Por un lado se esconde, por otro interviene con su gracia, “gradualmente y repentinamente”127. En estas dos palabras está todo el misterio de la Providencia. En algunas parábolas del Evangelio, parece como si se retirara, se escondiera, para no obligarnos; en otras, en cambio, sale a buscarnos128. Esta es la pedagogía de Dios.
En este sentido, la eucaristía es la realización más sobrecogedora que existe: es el punto en el cual Dios revelándose de forma suprema, permanece a la vez más escondido. Escribe Ireneo [130-202]: “Cristo mantiene la invisibilidad del Padre, para que el hombre no desprecie a Dios”129.
Educar en la libertad
¿Cuáles son las condiciones para que la libertad pueda más fácilmente caminar y cumplirse? Es posible y necesaria una educación en la libertad. Antes que nada, se necesita la “conciencia clara del destino”, de lo que es la meta, la finalidad última de la existencia. Por esto la vida de la Iglesia se caracteriza por la presencia de momentos y gestos (oración, sacramentos, catequesis) por medio de los cuales el creyente puede hacer memoria de forma renovada de su destino, es decir, del significado último de su camino existencial. En segundo lugar, es importante la capacidad de auto-determinarse, o sea la mortificación. Es la adhesión de la voluntad, que tiene una apariencia de muerte, porque implica un sacrificio.
También se necesita una compañía. Por el pecado original, nuestra libertad se caracteriza por una debilidad estructural. Los Padres del desierto nos recuerdan que los monjes luchan contra las fuerzas contrarias como si estas fueran palomas, cuando están en el monasterio; en cambio, como si fueran leones, cuando están de ermitaños. La autoridad y la compañía sostienen al creyente en el camino.

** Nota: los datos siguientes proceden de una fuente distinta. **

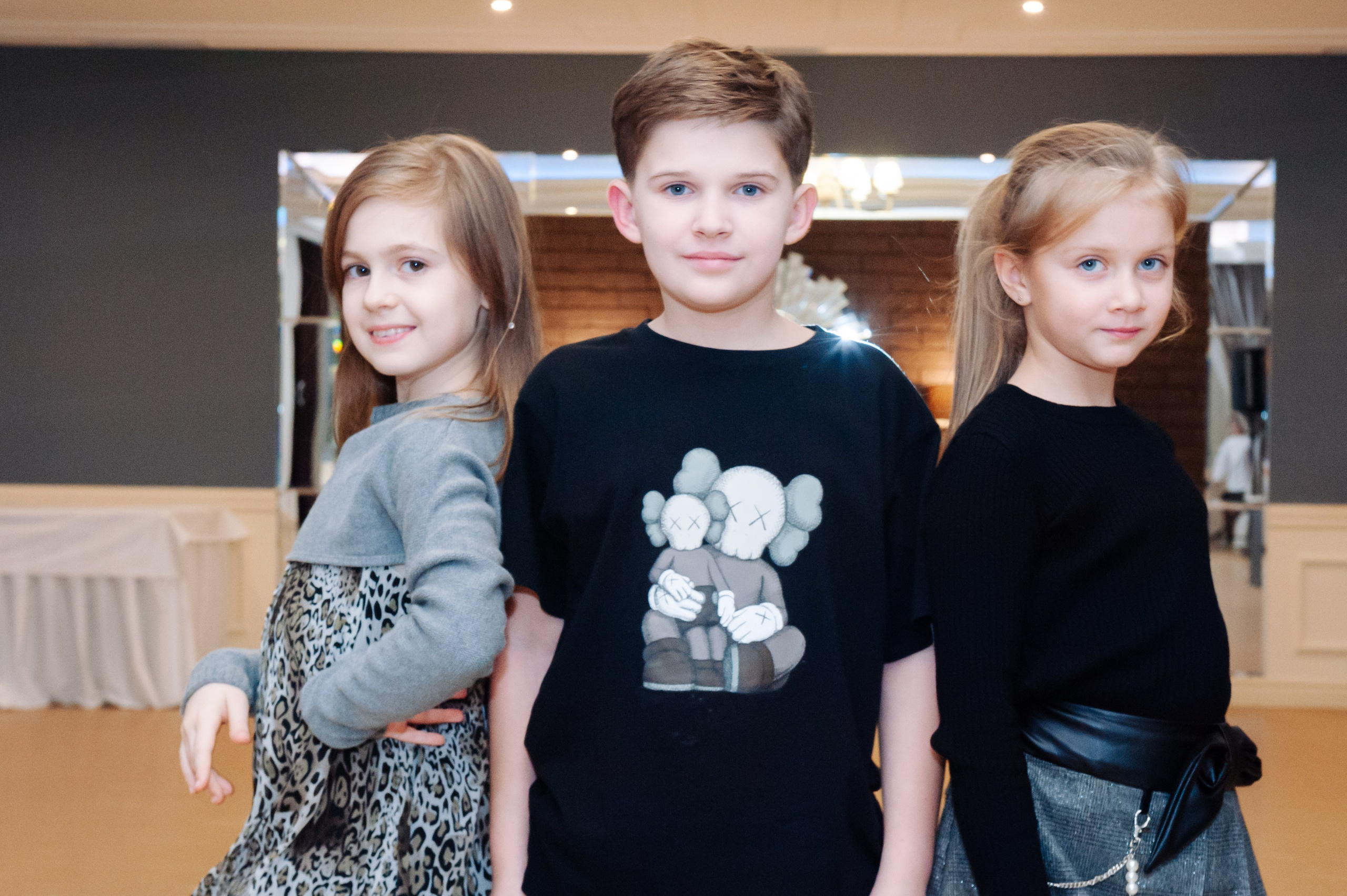 День Рождения Прохора. Фотограф Магнитогорск Данил Семенов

Finalmente es necesaria la petición de la gracia. El martirio, por ejemplo, es imposible sin la gracia, es decir, sin un don especial de Dios. Perdonar una ofensa recibida es posible sólo en la medida en la cual pedimos el don de ser ayudados por Dios.
En realidad, en la experiencia cotidiana de la vida de la Iglesia, todos los factores anteriormente enumerados están íntimamente entrelazados.